Lista sudah pulang terlebih dahulu, dia sudah rapi dan dia juga penuh perhatian. Ini yang kadang buat aku mikir bolak-balik buat buang dia jadi sahabat ku, "Mandi gih air panas ada makan tuh lauk dalam rice cooker, aku mau tidur dulu." Mungkin dia merasa tidak enak aku harus turun tangan dalam hal biaya hidup cuman ketutup gengsi aja, aku paham kok itu.
Malam hari rasanya betis ku sakit banget, benar-benar ketarik sampai untuk bangun malas banget jadinya menangis adalah cara ku mengungkapkan sakit. Rasanya di bagian dalam tumpukan daging itu ada urat putus yang bikin ngilu, Lista langsung paham, geraknya mengambil handuk kecil dan segera mengompres air hangat di kaki ku, aku dapat tidur lelap usai rasa sakit itu reda.
Pagi hari sebelum ke stasiun aku dan Lista masih sempat serapan pagi, dia amat baik padaku tidak ada persahabatan yang lebih tulus dari ini. "Kau kok diam Lis?" kataku mulai tidak nyaman dengan ketidak enakan nya–Enggak berbalas ucapan ku beberapa saat sampai ia menunduk kan wajah malu itu.
"Enggak Mi, lagi malu aja sama mu baru beberapa hari di rumah sudah harus menalangi."
Jangan menatap ke arah dia Miwa, tatapan mu seolah mendominasi dia. Biarkan tatapan lurus itu memberikan ruang untuk isi hati Lista. "Kan kalau ada rezeki kamu ganti." Entah kalimat menenangkan atau menyindir ucapan ku memang tertuju untuk rasa tanggung jawab nya, "Iya Mi, sabar ya." Aku paham sekarang kenapa tidak ada kata menabung di hidup Lista. Lihat parfum mereka L itu, untuk harga sebotol nya kita taulah ya gak seratus dua ratus ribu. Mengejar tenar atau paham kualitas aku gak bisa menilai itu, lagi pula cukup paham ke ranah oh dia memang lagi gak bisa hemat aja.

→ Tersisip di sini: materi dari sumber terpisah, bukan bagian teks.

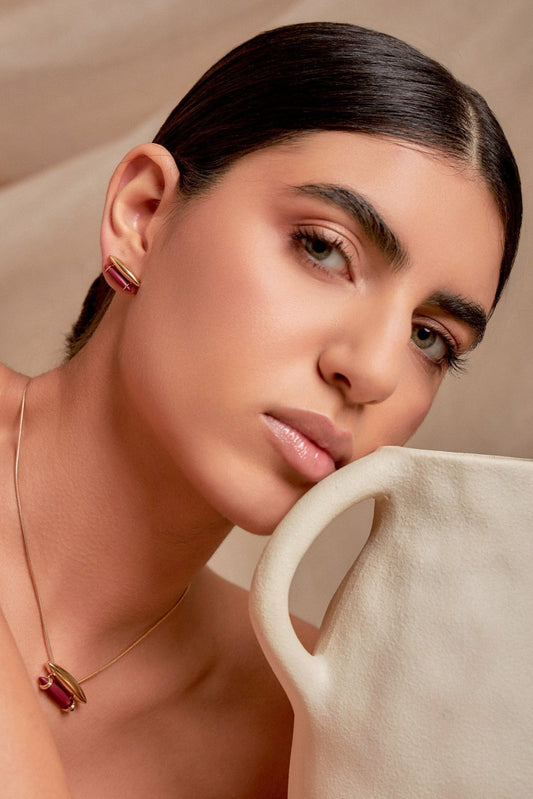 Use o Brinco Origem com Resina Vinho em Banho de Ouro 18K para atrair força e inteligência emocional. AIMER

"Minum jamu Mi, biar awet muda."
Sejak kapan pula sahabat ku suka jamu-jamu an gini, rasanya aneh tapi aku suka banget.
Ku kirim gambar dan ya Josua hanya tertawa geli membalasnya, ia amat sibuk dengan kehidupan nya okelah paham.
Akhirnya satu jam sebelum jam sibuk seluruh pekerjaan selesai senang rasanya bisa pulang masih berteman langit terang, kesibukan Jakarta sampai ingin singgah ditempat ke damai-an seperti ada kesunyian ada ilmu yang didapat tapi dimana ya, ahh di depan ada toko buku apa lebih baik kesana ya. Toko buku adalah pilihan terbaik ku, mengambil kursi dan duduk di antara mereka si Kutu buku. Kisah manisnya cinta menghentikan langkahku sejenak kemudian mata ku tertuju pada salah satu karyawan kian lama ia menatapku dengan serius, mungkin aku terlalu lama disini sampai akhirnya aku membayar dua buah buku.
"Rp 320.000 kak," kasir tersenyum ramah padaku, ia juga tersenyum ramah. "Terimakasih."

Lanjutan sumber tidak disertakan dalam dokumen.